L'enquête, ouverte en 2002, s'était orientée vers diverses personnalités françaises soupçonnées d'avoir perçu au début des années 2000 des commissions occultes sous forme d'allocations de barils de pétrole du régime irakien de Saddam Hussein, en violation du programme de l'Onu "Pétrole contre nourriture".
Au total, 20 personnes physiques, dont l'une est décédée depuis, et deux entreprises, Total et Vitol, ont été mises en examen dans ce dossier.
Le parquet de Paris avait déjà pris des réquisitions en septembre 2009 mais un nouveau juge chargé de l'enquête, Serge Tournaire, avait finalement mis en examen le 27 février le groupe Total en tant que personne morale pour corruption d'agent étranger, complicité et recel de trafic d'influence.
Cette décision a relancé l'enquête et amené le parquet à prendre de nouvelles réquisitions.
Le parquet a notamment considéré que l'enquête n'avait pas permis de démontrer que le patron de Total, Christophe de Margerie, s'était rendu complice d'abus de biens sociaux et que M. Pasqua s'était livré à du trafic d'influence.
Il a requis "en milieu de semaine dernière" un non-lieu en leur faveur, de même que pour Total en tant que personne morale, selon ces sources.
Le parquet a par ailleurs requis le renvoi en procès d'une dizaine de personnes. Il revient désormais au juge Tournaire de décider leur éventuel renvoi devant le tribunal correctionnel.
Au coeur de cette investigation se trouve la politique de surfacturation imposée par le régime de Saddam Hussein pour contourner le programme onusien permettant à Bagdad de vendre du pétrole en échange d'aide humanitaire et de produits alimentaires.
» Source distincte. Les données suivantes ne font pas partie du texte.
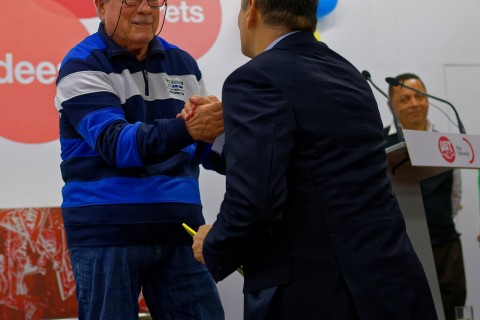 Rafael Correa en Valencia (Sede de UGT)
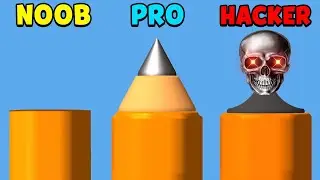 ✅Noob VS PRO VS Hacker in CarveThePencil Game iOS,Android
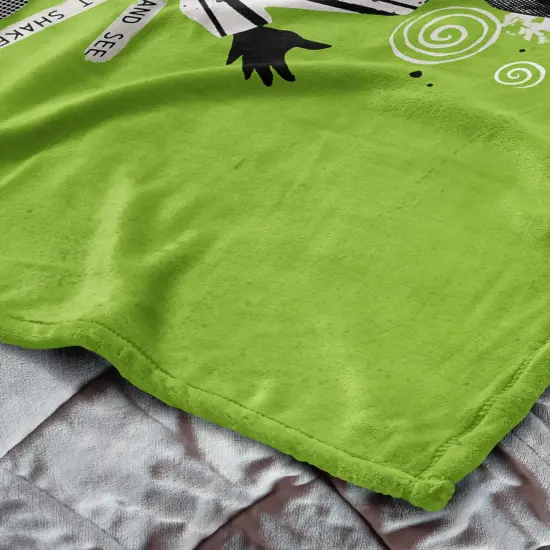 Warner Brothers Beetlejuice Silk Touch Throw Blanket Juice Is Loose {5}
En France, l'enquête avait débuté mi-2002 sur des soupçons d'éventuels abus de biens sociaux de cadres de Total via une société en Suisse, Telliac, pour obtenir des marchés en Irak. Le plus grand groupe français a toujours nié avoir contourné l'embargo onusien.
En 2004, l'enquête de l'ONU a mis au jour le détournement du programme "pétrole contre nourriture" : l'Irak délivrait des allocations de barils de pétrole à des "amis" en échange de leur lobbying pour la levée des sanctions qui frappait le pays. La France était l'un des pays les plus concernés.
Ces révélations provoquèrent la réorientation de l'enquête vers des personnalités françaises susceptibles d'avoir bénéficié de largesses du régime de Saddam Hussein en échange de leur lobbying réel ou supposé.
Parmi ces personnalités politiques figurent M. Pasqua, son conseiller diplomatique, Bernard Guillet ou encore l'ambassadeur de France aux Nations unies de 1991 à 1995, Jean-Bernard Mérimée.
La commission d'enquête dirigée par l'ancien président de la Réserve fédérale américaine, Paul Volcker, sur les dérapages et les malversations de ce programme avait mis en cause quelque 2.200 entreprises issues de 66 pays, dont la Russie, la France et la Chine. Parmi elles, près de 180 étaient françaises.
En janvier, Bagdad a entamé une procédure aux Etats-Unis pour demander des réparations à des sociétés étrangères ayant violé le programme.